We can verify this is the case by writing the query a little differently, to ensure that the expensive expression is calculated once before the Stream Aggregate receives the row:

SUM Test 3

Now, the expensive expression is calculated in a Constant Scan operator rather than a Compute Scalar.  The Stream Aggregate still references the expression twice, once for the COUNT and once for the SUM, but it is counting and summing the result of the calculation, not causing the calculation to be performed twice.  This query form produces the same result as the 20-second query, but in 10 seconds.  Both tests push a single CPU to 100% utilization, in case you were wondering about that.  To really make the point, consider this query:

SELECT  SUM(CONVERT(BIGINT, CHECKSUM(REVERSE(T.padding)))),
        SUM(CONVERT(BIGINT, 0 + CHECKSUM(REVERSE(T.padding))))
FROM    dbo.Test AS T
OPTION  (MAXDOP 1)
;

In the resulting plan, the Stream Aggregate references the CHECKSUM(REVERSE(padding)) expression four times, and the query runs for 40 seconds at 100% CPU!

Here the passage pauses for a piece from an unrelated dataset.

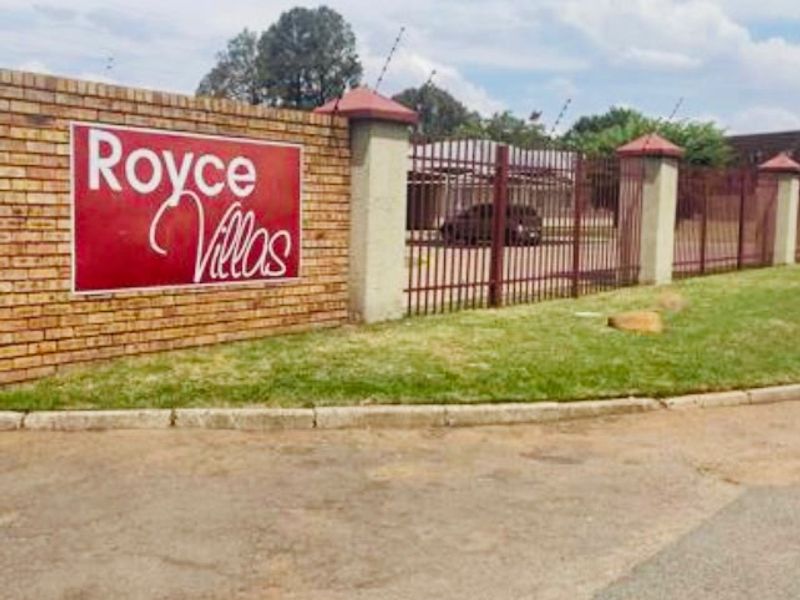 Street view of the Royce Villas complex entrance, featuring a brick boundary wall, security fencing, and gated access.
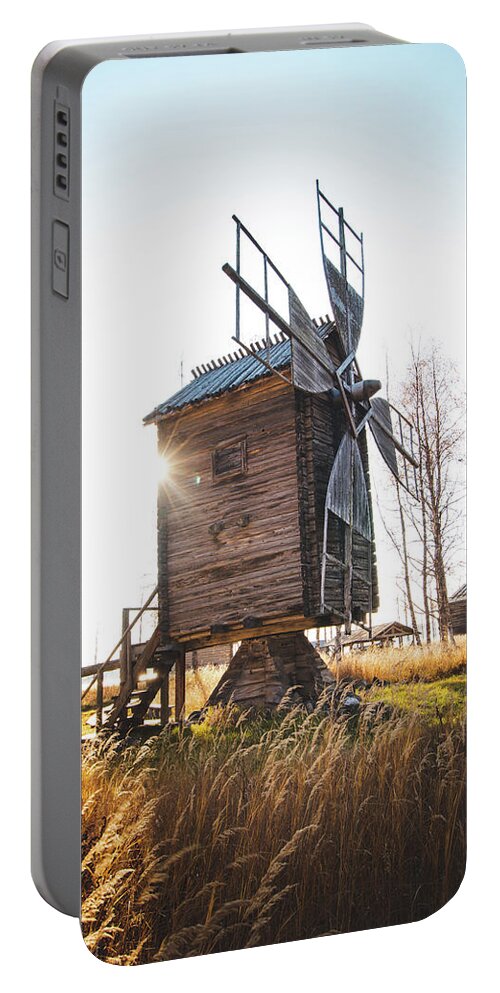 Medieval Portable Battery Charger featuring the photograph Small wooden mill with beautiful sun star by Vaclav Sonnek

You might also wonder why the rewrite uses an OUTER APPLY instead of CROSS APPLY.  The reason is that with a CROSS APPLY, the optimizer sees through the trick and transforms the query plan to exactly the same form as before – and the query runs for 20 seconds as a result.  The OUTER APPLY is enough the defeat an optimizer transformation rule, resulting in a plan featuring a Left Outer Join.  Before you go off to rewrite all your SUMs and AVGs using OUTER APPLY, consider:

  1. The OUTER APPLY trick is a hack that depends on implementation details – it might not work tomorrow.
  2. This problem only occurs if the first operator to need an expression result references it more than once.
  3. This bug is only noticeable if the expression is expensive.

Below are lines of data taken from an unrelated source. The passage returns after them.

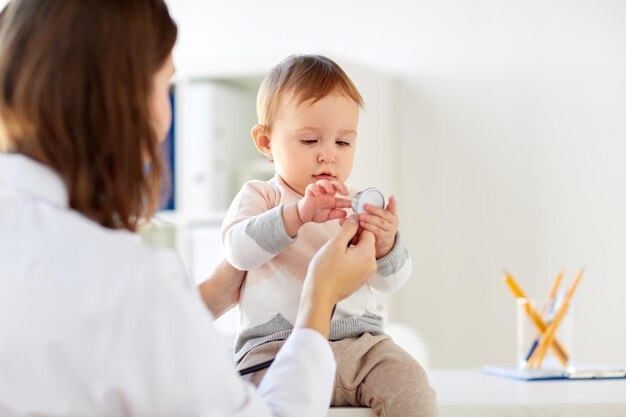 Photo medicine, healthcare, pediatry and people concept - doctor with stethoscope listening to happy smiling baby girl on medical exam at clinic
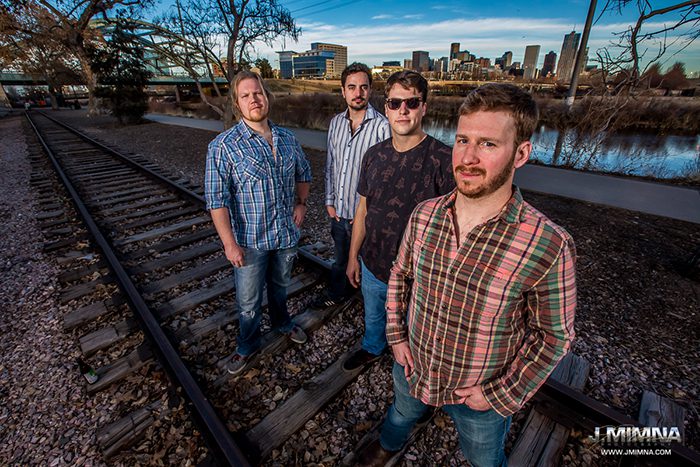 Four men standing on railroad tracks outdoors.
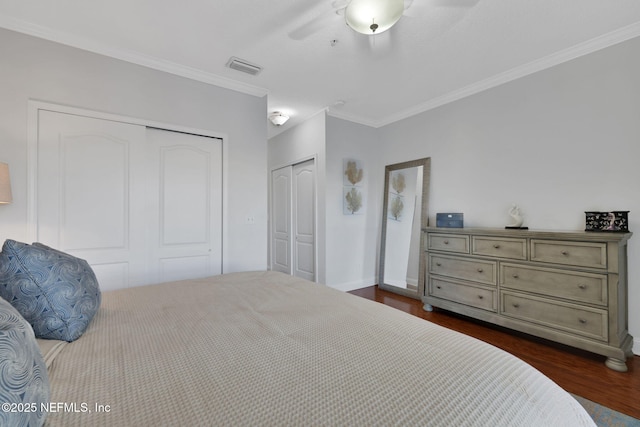 2114 Gail Ave Unit A, Jacksonville Beach, FL 32250 - bedroom featuring dark wood-style flooring, visible vents, a ceiling fan, multiple closets, and ornamental molding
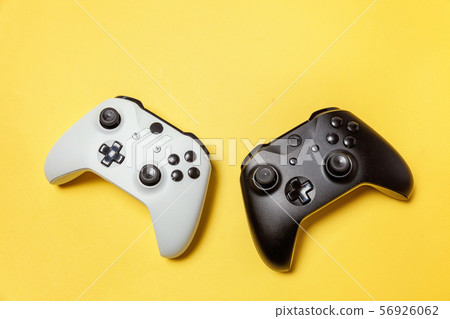 White and black two joystick on yellow background. White and black two joystick on yellow background. 56926062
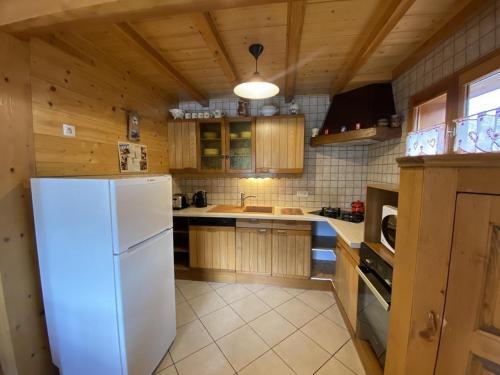 a kitchen with a white refrigerator and wooden cabinets at Chalet Le Castor : dans le centre de Chatel in Châtel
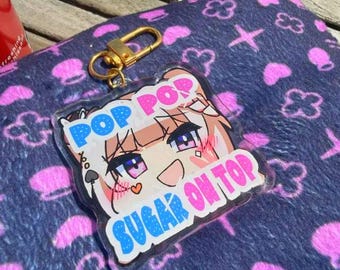 Puede incluir: Un llavero acrílico transparente con un diseño de personaje de estilo anime. El llavero presenta el texto "POP POP SUGAR ON TOP" en azul y rosa. Tiene un cierre de color dorado.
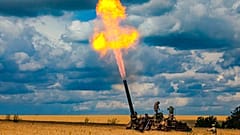 Russian troops fire a 2S4 Tyulpan self-propelled heavy mortar from their position at an undisclosed location Kharkiv region amid Russia's military offensive, August 1, 2022.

So this is a confirmed bug in SQL Server, and the good news is that it has been fixed – but only in a private build of Denali (SQL11).  The current public Denali build (CTP 1) does not contain the fix, and there is no word on whether it will be made available for users of earlier SQL Server versions.

Finally for today, I want to show you another good reason not to use the OUTER APPLY pattern as a fix.  Let’s assume we don’t know about this problem, and need to optimize the original CHECKSM(REVERSE(padding)) query.  The obvious solution is to add a computed column, and index it:

ALTER   TABLE 
        dbo.Test 
ADD     [Expr1003] 
        AS CHECKSUM(REVERSE(padding))
;
-- Index it
CREATE  INDEX 
        [IX dbo.Test Expr1003]
ON      dbo.Test
        (
        [Expr1003]
        )
WITH    (
        FILLFACTOR = 100,
        MAXDOP = 1,
        SORT_IN_TEMPDB = ON
        )
;

Notice in passing that the new computed column is not persisted, so it doesn’t require any extra storage in the table itself, and does not fragment the clustered index.  Re-running the natural form of the query:

SUM Test 4

It now completes in 30ms – quite an improvement over 20,000ms!  The Stream Aggregate still performs the two SUM and COUNT operations, but now the expression result is available directly from the index – it isn’t calculated at all, let alone twice.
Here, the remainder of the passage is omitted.